In a preferred embodiment of the invention the silane B has the following structure according to formula B-II):

• • i.e. (EtO)₃Si—(CH₂)₃—S—(CH₂)₆—S—(CH₂)₃—Si(OEt)₃.

Particularly optimized handling and braking predictors are achieved with a silane according to formula B-II).

It is also conceivable for the rubber mixture according to the invention to comprise a mixture of two silanes of formula B-I), for example B-II) with a further silane of formula B-I).

The total amount of silanes B present that conform to formula B-I) is in each case 0.5 to 30 phf, preferably 0.5 to 20 phf, particularly preferably 0.5 to 10 phf.

Especially the preferred and particularly preferred amounts and embodiments of the silanes A and B result in very good properties in terms of handling and braking predictors.

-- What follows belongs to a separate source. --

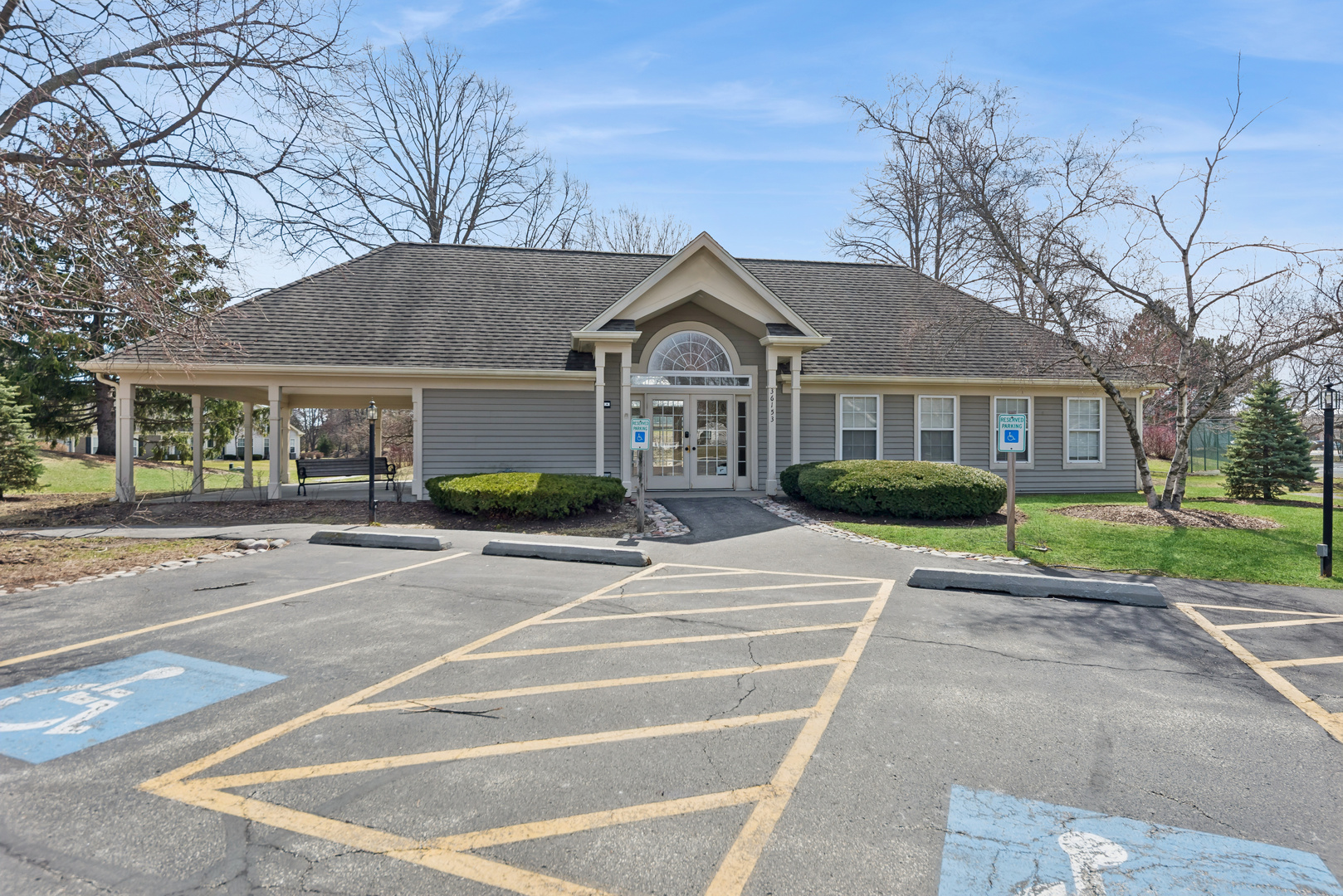 36106 North Springbrook Lane Gurnee, IL 60031 - Photo 26 of 27 a front view of a house with a garden and trees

It is particularly preferable when the molar ratio of silanes A present to silanes B present is 20:80 to 90:10, preferably 55:45 to 70:30.

The rubber mixture can further comprise customary additives in customary parts by weight which are added preferably in at least one primary mixing stage during the production of said mixture. These additives include

• • a) aging stabilizers such as for example diamines, such as N-phenyl-N′-(1,3-dimethylbutyl)-p-phenylenediamine (6PPD), N,N′-diphenyl-p-phenylenediamine (DPPD), N,N′-ditolyl-p-phenylenediamine (DTPD), N-(1,4-dimethylpentyl)-N′-phenyl-p-phenylenediamine (7PPD), N-isopropyl-N′-phenyl-p-phenylenediamine (IPPD), or dihydroquinolines, such as 2,2,4-trimethyl-1,2-dihydroquinoline (TMQ),
  • b) activators, for example zinc oxide and fatty acids (e.g. stearic acid) and/or other activators, such as zinc complexes, for example zinc ethylhexanoate,
  • c) activators and/or agents for binding fillers, in particular carbon black, for example S-(3-aminopropyl)thiosulfuric acid and/or metal salts thereof (binding to carbon black),
  • d) antiozonant waxes,
  • e) resins, especially tackifying resins for internal tire components,
  • f) masticating aids, for example 2,2′-dibenzamidodiphenyl disulfide (DBD), and
  • g) processing aids, such as in particular fatty acid esters and metal soaps, for example zinc soaps and/or calcium soaps,
  • h) plasticizers, such as in particular aromatic, naphthenic or paraffinic mineral oil plasticizers, for example MES (mild extraction solvate) or RAE (residual aromatic extract) or TDAE (treated distillate aromatic extract), or rubber-to-liquid oils (RTL) or biomass-to-liquid oils (BTL) preferably having a content of polycyclic aromatics of less than 3% by weight according to method IP 346 or triglycerides, for example rapeseed oil or factices or hydrocarbon resins.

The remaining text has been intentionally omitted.